Depending on the design & how elaborate the land owner wanted it to be, a small channel was usually built along the inside walls to direct the flow of water around the structure.  This allowed the spring house to maintain a cool internal temperature (somewhere in the mid 50° F range), making it possible to keep dairy products, meats and fruits that would otherwise have spoiled rapidly.  Milk-filled pails or large joints of meat usually hung from rafters, while stoneware crocks filled with pickled vegetables, fruits and corned meats sat on the floor or on built-in shelves.

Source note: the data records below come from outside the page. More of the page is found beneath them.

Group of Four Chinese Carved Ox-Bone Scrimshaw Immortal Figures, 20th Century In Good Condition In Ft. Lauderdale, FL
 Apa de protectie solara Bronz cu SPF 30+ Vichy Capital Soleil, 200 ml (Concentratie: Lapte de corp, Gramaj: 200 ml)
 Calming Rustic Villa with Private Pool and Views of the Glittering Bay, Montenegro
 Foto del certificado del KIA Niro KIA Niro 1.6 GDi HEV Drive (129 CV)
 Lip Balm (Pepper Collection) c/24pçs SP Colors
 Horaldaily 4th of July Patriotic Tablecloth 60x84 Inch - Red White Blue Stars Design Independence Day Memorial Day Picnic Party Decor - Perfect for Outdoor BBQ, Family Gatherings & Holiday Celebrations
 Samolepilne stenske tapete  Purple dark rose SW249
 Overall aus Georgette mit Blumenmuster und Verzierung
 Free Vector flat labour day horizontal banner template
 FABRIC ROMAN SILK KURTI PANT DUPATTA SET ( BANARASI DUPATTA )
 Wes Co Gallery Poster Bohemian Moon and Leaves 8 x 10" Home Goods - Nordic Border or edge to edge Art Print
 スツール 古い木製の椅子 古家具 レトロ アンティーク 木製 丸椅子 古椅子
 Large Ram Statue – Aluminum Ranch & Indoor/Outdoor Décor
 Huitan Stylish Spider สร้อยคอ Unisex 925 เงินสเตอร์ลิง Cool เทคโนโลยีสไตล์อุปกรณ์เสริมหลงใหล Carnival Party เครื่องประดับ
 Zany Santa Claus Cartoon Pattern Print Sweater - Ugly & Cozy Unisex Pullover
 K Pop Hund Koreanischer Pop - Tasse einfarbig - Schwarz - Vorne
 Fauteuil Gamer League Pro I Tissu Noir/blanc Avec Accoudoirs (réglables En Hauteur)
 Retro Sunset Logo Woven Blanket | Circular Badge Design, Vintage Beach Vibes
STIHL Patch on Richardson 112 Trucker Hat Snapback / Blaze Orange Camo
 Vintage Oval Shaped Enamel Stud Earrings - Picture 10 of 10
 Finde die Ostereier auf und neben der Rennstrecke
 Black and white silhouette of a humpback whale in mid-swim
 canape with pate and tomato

There happen to be a few spring houses near our home, so I invite you to take a look at them. 
This small Spring House in the woods of a large property, which dates to about 1860, is approximately 200 yards from the main colonial house.  Although that particular home did originally have a keeping room (it's now a mudroom), the Spring House was used for larger amounts of food storage.

As one approaches the one room structure, it is immediately apparent how the stone wall on the right hand side is built into the bank of the hill.  The same principal of temperature insulation that went into the building of Bank Barns was used for this spring house.

Originally there would not have been a door here.  The cast iron door with scroll work is a modern addition to keep critters out. 

Walls between 1-2 feet thick were constructed from stone found on the property.  If you look closely, there is a small trickle of water emerging from the rear of the house. 

Although there is a creek only a few feet away from the structure, it is obvious that this house was built directly on top of a natural spring.  It's quite a soothing sound to hear the burbling water emerging from the ground & emptying into the creek. 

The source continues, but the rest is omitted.